58 Luego, habiendo recibido clases europeas en mucho muy distintas y disfuncionales de las que esperaban se crearían los dispositivos de control urbano de tipo alienista e higienista que analiza SALESSI (1995.). Resulta interesante que la burguesía procapitalista de expresa preferencia europeísta de mediados del siglo XIX haya recuperado el valor simbólico de lo nacional como discurso legitimante contra este nuevo marginal europeo que comienza a habitar las ciudades, y funda en esta nueva manera de entender “lo argentino” parte de su dispositivos de control contra el inmigrante. En esta manera de entender lo “argentino” y de reinventar lo “nacional”, todavía en oposición al indígena -cuya identidad como tal aún existía- se hacía referencia a él como el “ indio extranjero” que asola nuestras pampas (LANATA, 2002).  

59 Es justo aclarar que los terratenientes del interior eran obviamente también racistas en un primer momento, pero según los historiadores parece haber habido ¡cierta estabilidad en el medio fronterizo. En esta extraña alianza que se produce en el período de Rosas, están unidos por el valor que le dan a la Iglesia los gauchos (los bravos labradores que se rescatan de la tradición de Güemes) y los caudillos. Rosas también mantuvo una campaña contra los indios, pero en el plano simbólico, demostró mayor integración (él da su apellido al indio -luego cacique- Mariano Rosas, al apadrinarlo y trasferirlo a la civilización). Es a él que la burguesía racista comienza a acusarlo de “ser amigo de los negros” y de la chusma en general, acusándolo de atacar la cultura -proeuropeísta-. A la inversa, en esa época se comienza a difundir el mote de entreguistas y antipatrióticos a los unitarios (y a todos los modernistas en general), y el nacionalismo comienza a asociarse con el conservadurismo, y por ende con la Iglesia. 

60 Esto resultará de vital importancia para entender, por ejemplo fenómenos posteriores como el auge de la criminología positivista en nuestro país, el discurso racional- policial autoritario (edictos, contravenciones, etc.) y la inserción de discursos racionales a favor del “progreso” con tintes racistas o discriminatorios.
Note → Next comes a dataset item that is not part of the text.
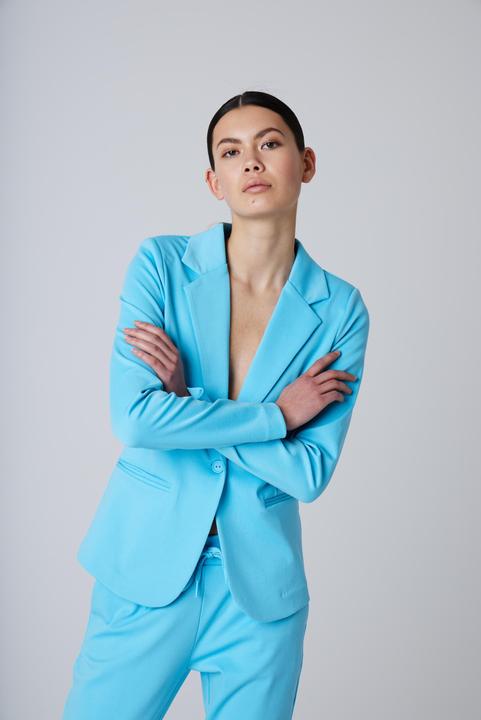 Actual product image Ichi Kate (M)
Este discurso racionalista y autoritario también florecerá, tal vez gracias a la masonería, en la ideología de las fuerzas armadas.

61 Por supuesto que los masones lo negarían. Pero lo cierto es que el gran componente místico y filosófico de la masonería es un sistema espiritual propio, con sus dogmas, sus rituales, sus enseñanzas, y en esto puede ser considerado una religión o al menos un reemplazante de ella en los lugares donde se difundió extensivamente. 

62 Aunque, como ya dije, la integración siempre fue una preocupación para esta nueva burguesía, sus dos mayores exponentes, terminaron por optar por la exclusión.